Summary
This chapter, on “Welfare and the Welfare State,” argues that the welfare state gives the poor perverse incentives.  A superficial reader might say, “However original this was in 1973 when it was first written, it’s now old hat.  Clinton made the same arguments for welfare reform.”  However, on closer examination, Rothbard’s analysis remains distinctive both positively and normatively.

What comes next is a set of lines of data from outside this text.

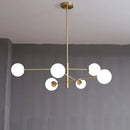 Nordic copper chandelier with creative glass and magic bean design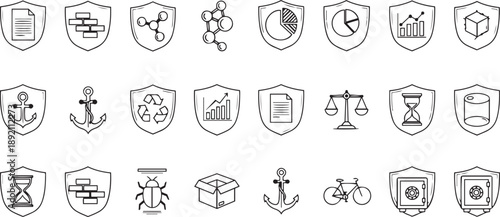 Black line of various and symbols on shields and standalone line black white background document molecule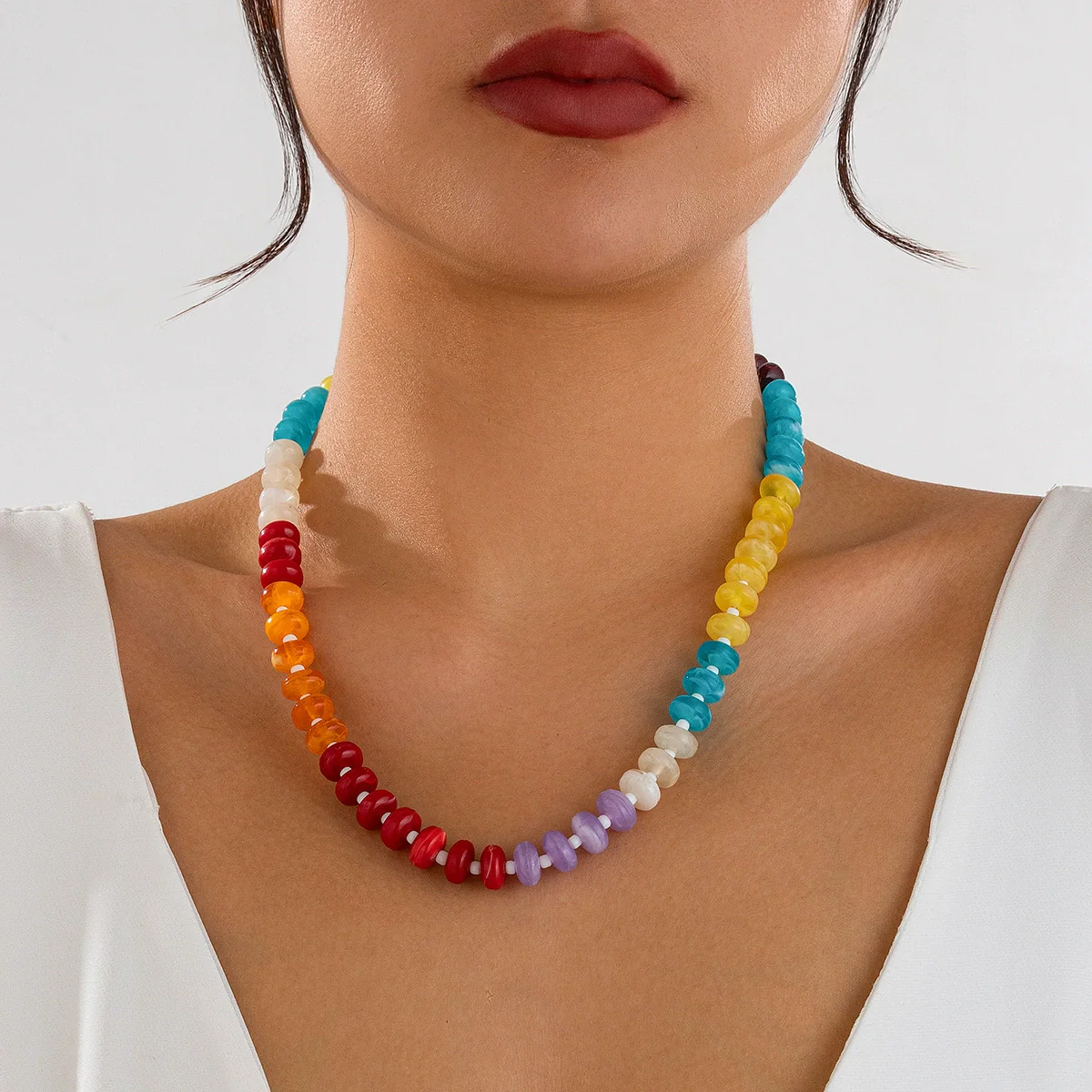 Jewelry Acrylic Geometric Sweet Dopamine Irregular Clavicle Chain Electroplated Necklace - Image 8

Positively, Rothbard unapologetically affirms that the poor are typically poor because of their own short-sighted, impulsive values.  He heaps praise on Harvard’s Edward Banfield – probably because Banfield was one of the few scholars who actually said what middle-class observers of the poor can’t help but think:

[U]pper- and middle-class members tend to be future-oriented, purposeful, rational, and self-disciplined.  Lower-class people… tend to have a strong present-orientation, are capricious, hedonistic, purposeless, and therefore unwilling to pursue a job or a career with any consistency. People with the former values therefore tend to have higher incomes and better jobs, and lower-class people tend to be poor, jobless, or on welfare. In short, the economic fortunes of people tend over the long run to be their own internal responsibility, rather than to be determined — as liberals always insist — by external factors.

Strange as it may seem in our post-Bell Curve age, though, Rothbard does not mention low intelligence as a contributing factor.

Normatively, Rothbard breaks with mainstream critics of the welfare state with his abolitionist stance: The only acceptable form of relief for even the “deserving poor” is private, voluntary charity; as for “the undeserving poor,” they should straighten up and fly right:

The spirit that used to animate the social work profession was a far different–and a libertarian–one. There were two basic principles: (a) that all relief and welfare payments should be voluntary, by private agencies, rather than by the coercive levy of government; and (b) that the object of giving should be to help the recipient become independent and productive as soon as possible. Of course, in ultimate logic, (b) follows from (a), since no private agency is able to tap the virtually unlimited funds that can be mulcted from the long-suffering taxpayer…As a further corollary of the limitation on funds, the social workers also realized that there was no room for aid to malingerers, those who refused to work, or who used the aid as a racket; hence came the concept of the “deserving” as against the “undeserving” poor.

Other highlights: Rothbard celebrates the private welfare system of the Mormons and points out a number of ways that regulation hurts the poor.  He also heaps scorn on – and misrepresents – Friedman’s “negative income tax,” never mentioning that the whole point is to reduce the effective 100% marginal tax rate that welfare recipients typically face.

Critical Comments
I remain a huge fan of this chapter.  While Rothbard neglects the IQ-poverty connection, modern scholars continue to neglect the Conscientiousness-poverty connection.  Frankly, it’s a ridiculous oversight.  It’s intuitively obvious: How could laziness and impulsiveness not lead to poverty?  And you don’t need fancy econometrics to detect it empirically: Kids from low-income areas were bused into my suburban elementary, junior high, and high schools, and all of Rothbard’s claims about “lower-class values” described them to a tee.

I also find his abolitionism refreshing.  Sure, private charity couldn’t maintain anything like the modern welfare state.  But I see no reason why it couldn’t provide a modest safety net for indigent children and the severely handicapped.  Private charity in the U.S. is about $300B annually – 2.2% of GDP.  Admittedly, only a small fraction of that goes to the poor now; but clearly that would change if the welfare state were abolished.  If it seems unrealistic to rely on donations to provide for the poor, consider: Back in the era of established churches, wouldn’t it have seemed equally unrealistic to rely on donations to provide for religion?

My main empirical complaints: Even in the 1970s, Rothbard should have spent more time explaining that the welfare state is primarily about helping the old, not the poor.   And he should have spent more time explaining that by world standards, the American “poor” are already well-off.  Then he could have easily moved on to the most philosophically devastating critique of the welfare state: Our immigration laws are a massive, shameful effort to prevent the free market from lifting millions of foreigners out of absolute poverty.

Of course, if Rothbard had focused on global poverty, he would have had to admit the awkward point that voluntary charity does little to alleviate the truly horrific plight of the world’s bottom billion.  If the U.S. abolished the welfare state, Americans would open their checkbooks to poor children and the handicapped who happen to be American citizens.  But the absence of a world welfare state has manifestly not led to robust private substitutes.  Modern markets are international, but modern charity remains a largely national affair.